Apparently we’re still talking about Kellie Leitch and her “anti-Canadian values” screening, because why not? The Canadian Press kicked off the day by putting Leitch’s assertion that it would be akin to “asking some simple questions” to their Baloney Metre™, and lo and behold, the experts they spoke to pretty much laughed it out of the room, earning Leitch’s supposition a rare “full of baloney” rating. It seems that “a few simple questions” just teaches people how to lie to give the “right” answers, and that proper interviews with people trained to know whether people are lying is so prohibitively expensive that it’s never going to happen. So there’s that. Much later in the day, Jason Kenney decided to weigh in from Alberta, and pretty much eviscerated Leitch by saying that this position is a new one for her that she never articulated before in cabinet or caucus, and that she doesn’t understand the nuance around the issue. But then again, we’ve pretty much established that Leitch lacks any real semblance of emotional quotient or self-awareness, so her inability to grasp nuance should not be a surprise to anyone.

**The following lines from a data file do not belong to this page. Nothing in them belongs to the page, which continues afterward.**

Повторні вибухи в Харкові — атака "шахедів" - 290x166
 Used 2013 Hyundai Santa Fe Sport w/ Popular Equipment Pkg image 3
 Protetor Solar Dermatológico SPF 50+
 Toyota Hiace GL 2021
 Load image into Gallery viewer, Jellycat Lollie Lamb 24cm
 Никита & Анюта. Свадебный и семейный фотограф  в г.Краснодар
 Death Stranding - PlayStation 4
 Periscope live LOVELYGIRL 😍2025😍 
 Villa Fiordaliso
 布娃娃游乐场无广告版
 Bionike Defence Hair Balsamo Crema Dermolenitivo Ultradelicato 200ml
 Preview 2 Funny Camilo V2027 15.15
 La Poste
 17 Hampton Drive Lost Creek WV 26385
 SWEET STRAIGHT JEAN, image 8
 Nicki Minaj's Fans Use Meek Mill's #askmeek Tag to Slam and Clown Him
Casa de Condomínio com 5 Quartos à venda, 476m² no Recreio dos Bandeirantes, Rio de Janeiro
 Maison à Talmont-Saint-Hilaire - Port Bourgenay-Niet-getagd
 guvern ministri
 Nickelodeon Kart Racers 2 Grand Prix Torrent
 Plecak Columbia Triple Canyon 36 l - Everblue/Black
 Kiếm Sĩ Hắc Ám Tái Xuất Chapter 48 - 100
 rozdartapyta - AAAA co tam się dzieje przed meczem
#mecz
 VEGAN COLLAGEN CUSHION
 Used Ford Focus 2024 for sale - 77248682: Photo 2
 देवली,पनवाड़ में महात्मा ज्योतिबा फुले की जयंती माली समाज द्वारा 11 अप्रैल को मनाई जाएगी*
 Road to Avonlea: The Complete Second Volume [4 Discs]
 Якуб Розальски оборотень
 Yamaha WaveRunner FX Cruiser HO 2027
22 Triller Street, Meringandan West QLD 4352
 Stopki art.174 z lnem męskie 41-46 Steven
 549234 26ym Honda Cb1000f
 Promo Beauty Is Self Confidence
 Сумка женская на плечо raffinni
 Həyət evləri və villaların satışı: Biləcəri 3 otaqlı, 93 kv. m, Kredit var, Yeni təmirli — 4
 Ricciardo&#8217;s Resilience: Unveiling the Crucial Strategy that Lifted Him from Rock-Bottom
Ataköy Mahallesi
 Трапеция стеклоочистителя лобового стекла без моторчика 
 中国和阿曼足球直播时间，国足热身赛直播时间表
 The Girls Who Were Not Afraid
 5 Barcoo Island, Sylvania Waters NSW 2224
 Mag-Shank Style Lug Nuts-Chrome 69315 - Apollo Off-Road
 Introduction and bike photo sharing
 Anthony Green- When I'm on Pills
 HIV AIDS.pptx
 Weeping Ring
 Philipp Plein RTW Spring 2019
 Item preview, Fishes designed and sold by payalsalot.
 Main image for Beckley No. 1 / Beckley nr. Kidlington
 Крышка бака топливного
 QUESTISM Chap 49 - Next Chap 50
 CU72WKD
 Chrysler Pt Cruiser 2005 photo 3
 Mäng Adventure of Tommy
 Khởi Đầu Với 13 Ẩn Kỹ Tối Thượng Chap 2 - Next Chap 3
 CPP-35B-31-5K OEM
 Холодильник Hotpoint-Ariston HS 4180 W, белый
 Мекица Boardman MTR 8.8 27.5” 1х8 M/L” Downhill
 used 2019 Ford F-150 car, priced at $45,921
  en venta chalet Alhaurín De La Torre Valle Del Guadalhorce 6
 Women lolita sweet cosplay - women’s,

Meanwhile, Peter Loewen reminds us that we’re not as perfectly tolerant as we like to believe, and he has the data to prove it, which is why Leitch’s message will find a home in places. Scott Reid looks over the record of Leitch’s campaign manager, who helped Rob Ford get elected, and notes that by this point, Leitch is less of a candidate than a strategy in human form (which is kind of what Jason Kenney is hinting at when noting that this position is all new for Leitch). Paul Wells notes the low ceiling for the kind of rhetoric that Leitch is now taking on, and while he sees the strategic value in such a position, he also offers some ideas for better choices than Leitch. Tabatha Southey offers her particular acid take on the Leitch situation, and her insistence on digging so much that she is in danger of becoming a mole person. And of course, there’s the At Issue panel looking at Leitch as well.